Op 26 oktober 2023 is de behandeling van de vrijheidsberovingszaak tegen de verdachte Imro Midema voortgezet door de kantonrechter. De verdachte was afwezig. De zaak stond voor pleidooi. De raadslieden van de verdachte zijn mr. M. Dubois en mr. B. Pick.
Advocaat Dubois verwees naar de uitspraak van het Constitutioneel Hof waarbij geoordeeld is dat bepaalde artikelen van het Wetboek van Strafvordering op gespannen voet staan met de Grondwet en internationale verdragen.
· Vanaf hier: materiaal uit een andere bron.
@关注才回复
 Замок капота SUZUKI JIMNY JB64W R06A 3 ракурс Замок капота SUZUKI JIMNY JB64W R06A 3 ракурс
Hij voerde aan dat één van de uitgangspunten is dat als de verdachte zich laat vertegenwoordigen door een advocaat, er sprake is van een rechtsproces op tegenspraak. Hij deed het verzoek om een onderzoek op tegenspraak te starten, de stand van de zaak te herzien en de raadslieden in de gelegenheid te stellen om getuigen te doen horen.
Advocaat Pick voerde aan dat hij pas later in het proces is benaderd om rechtsbijstand te verlenen.
Hij voerde verder aan dat wanneer bij een raadsman de behoefte bestaat om getuigen te horen, dat verzoek wordt toegestaan, ook al wordt de zaak bij verstek behandeld.
De officier van justitie bracht naar voren dat het een verstekzaak betreft, dat is een zaak waarin de verdachte niet is verschenen. Verder gaf de officier aan dat het Constitutioneel Hof geen gerechtsinstantie is, maar een adviserend orgaan. Hij stelde ten slotte dat hij zal meegaan met de beslissing die de rechter zal geven op het verzoek tot het horen van getuigen. Op 9 november 2023 zal de zaak verder worden behandeld en zal de rechter een beslissing nemen over het verzoek tot het horen van getuigen.